We find the decision of Hallett J in McWhirter v Manning The Times (30 October 1954) of some assistance here. In that case the plaintiff sued Mr Manning and others for defamation in respect of a speech made by Mr Manning at an annual meeting of the National Union of Journalists which was subsequently published. It was held that Mr Manning was only liable for the slander, and not for the libel occasioned by the publication. It was reported as follows:

 

His Lordship, giving judgment, said that on the issue of libel it was argued that, because Mr Manning knew that there were reporters at the meeting and that a report of what he said might and probably would appear in the printed report, he must be taken as having caused the publication of the defamatory words in the report.

His Lordship referred to the authorities, and said that, on the facts, it was plain that once the words had flown out of Mr Manning’s mouth he did nothing further whatever to procure publication of those words, or some or any of them, in a printed form. From then onwards it was other people who got them into print. There was no evidence which warranted a finding that the first defendant published the libel as distinct from publishing the slander, and he (his Lordship) so held. It followed that the first defendant was not liable in respect of the libel.

It was further reported that the learned judge held as follows:

But in the present case the printers were not employed by the first defendant. If one asked the question, ‘Was Manning the cause or a cause of the libel being published?’ the answer seemed to be No. He was a causa sine qua non in the sense that if he had never made the speech there would have been no speech to report; but he was certainly not the causa causans and did not cause the publication of the libel. The responsibility for producing the libel was quite clearly on the union and the printers whom they employed, and there was no case against the printers.

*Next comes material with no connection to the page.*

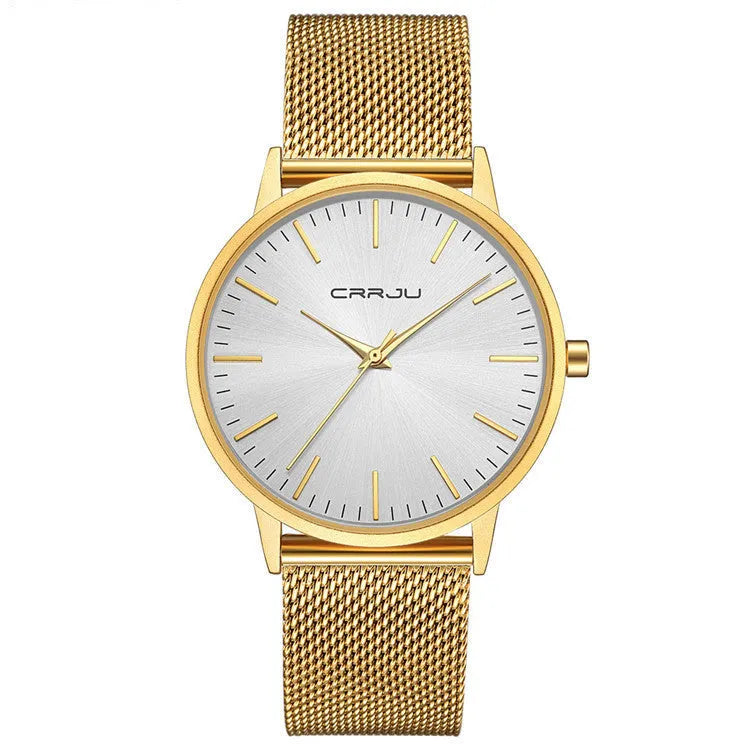 Casual men's and women's quartz watch with alloy case on a black mesh strap, showing a black dial.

The fact remains that Mr Tang never procured the republication of his police reports, apart from asking Mr Jeyaretnam to announce to the crowd at the rally that he had lodged two police reports against the PAP leaders. At the highest, and this is purely speculative, it might be said that Mr Tang intended the content of the police report to be released to the media by the police since he had filed the report with the latter. But, since Mr Goh and Mr Lee had obtained a copy each of the reports and authorised their release to the press on their own volition, it cannot be said that in those circumstances the republications were the natural and probable consequence of the original publication. Nor can it be said that Mr Tang intended the republication of the reports by the media.

In assessing the damages in these three cases, Chao Hick Tin J held at [46] of his judgment ([5] supra):

The police report was released to the media through the Secretary General of the WP at a rally that evening and it was carried in the media on 2 and 3 January 1997. Mr Tang knew and intended that the report would be so published.

 

In all probability, the learned judge reached the above conclusion on the basis of the statements of claim. Counsel for all three respondents in these actions, as well as counsel for Mr Lee and Mr Goh, were quick to inform this court that at the time of the assessment of damages before the learned judge, they did not deliberately suppress the fact concerning who released the police reports to the media. They would have offered the court all the relevant facts, but it did not occur to them at the time, as the matter was never raised. We accept their explanation. It is quite clear that the oversight was unintentional.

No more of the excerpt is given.